YOUR TASK: Which lines below fall between the one containing "Prada Pre-Owned 2013-2025 サフィアーノトリム テスート ハンドバッグ - グリーン Prada" and the one containing "a cartoon drawing of a person riding a ramp"? Repeat them exactly, counting both of those lines, and add nothing else.

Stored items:

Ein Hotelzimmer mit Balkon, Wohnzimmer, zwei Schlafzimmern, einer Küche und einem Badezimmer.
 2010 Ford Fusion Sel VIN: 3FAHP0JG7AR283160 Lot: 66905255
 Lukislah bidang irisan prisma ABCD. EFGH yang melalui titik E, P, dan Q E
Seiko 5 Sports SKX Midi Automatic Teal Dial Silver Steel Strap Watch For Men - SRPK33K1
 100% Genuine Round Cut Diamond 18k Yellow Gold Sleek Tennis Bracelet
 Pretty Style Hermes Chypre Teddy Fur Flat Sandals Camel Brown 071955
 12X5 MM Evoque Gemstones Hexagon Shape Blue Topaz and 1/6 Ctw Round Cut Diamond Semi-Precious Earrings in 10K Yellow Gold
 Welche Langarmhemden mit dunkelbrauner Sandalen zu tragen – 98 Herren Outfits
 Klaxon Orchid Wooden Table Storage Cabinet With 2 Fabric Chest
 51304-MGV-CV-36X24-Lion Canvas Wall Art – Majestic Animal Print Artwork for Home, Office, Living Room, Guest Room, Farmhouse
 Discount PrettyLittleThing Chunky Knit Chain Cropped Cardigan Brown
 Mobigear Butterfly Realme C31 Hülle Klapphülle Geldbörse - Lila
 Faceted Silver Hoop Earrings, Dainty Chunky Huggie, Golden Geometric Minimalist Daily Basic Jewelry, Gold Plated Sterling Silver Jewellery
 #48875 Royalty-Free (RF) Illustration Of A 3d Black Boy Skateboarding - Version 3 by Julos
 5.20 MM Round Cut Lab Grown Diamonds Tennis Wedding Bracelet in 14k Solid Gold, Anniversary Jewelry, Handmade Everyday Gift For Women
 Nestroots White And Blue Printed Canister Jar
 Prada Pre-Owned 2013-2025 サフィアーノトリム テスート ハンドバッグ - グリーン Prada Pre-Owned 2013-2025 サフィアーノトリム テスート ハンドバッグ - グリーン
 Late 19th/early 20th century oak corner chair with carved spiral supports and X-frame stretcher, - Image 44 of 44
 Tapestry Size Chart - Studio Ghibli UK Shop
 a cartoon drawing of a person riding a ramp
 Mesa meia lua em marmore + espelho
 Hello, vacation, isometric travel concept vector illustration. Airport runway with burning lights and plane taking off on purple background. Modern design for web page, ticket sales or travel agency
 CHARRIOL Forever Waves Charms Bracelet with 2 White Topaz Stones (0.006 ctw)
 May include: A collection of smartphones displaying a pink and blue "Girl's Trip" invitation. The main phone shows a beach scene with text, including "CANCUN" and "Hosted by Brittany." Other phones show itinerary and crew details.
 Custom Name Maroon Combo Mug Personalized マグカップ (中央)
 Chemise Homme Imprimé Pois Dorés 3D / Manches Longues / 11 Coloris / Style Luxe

PROBLEM SOLUTION:
 Prada Pre-Owned 2013-2025 サフィアーノトリム テスート ハンドバッグ - グリーン Prada Pre-Owned 2013-2025 サフィアーノトリム テスート ハンドバッグ - グリーン
 Late 19th/early 20th century oak corner chair with carved spiral supports and X-frame stretcher, - Image 44 of 44
 Tapestry Size Chart - Studio Ghibli UK Shop
 a cartoon drawing of a person riding a ramp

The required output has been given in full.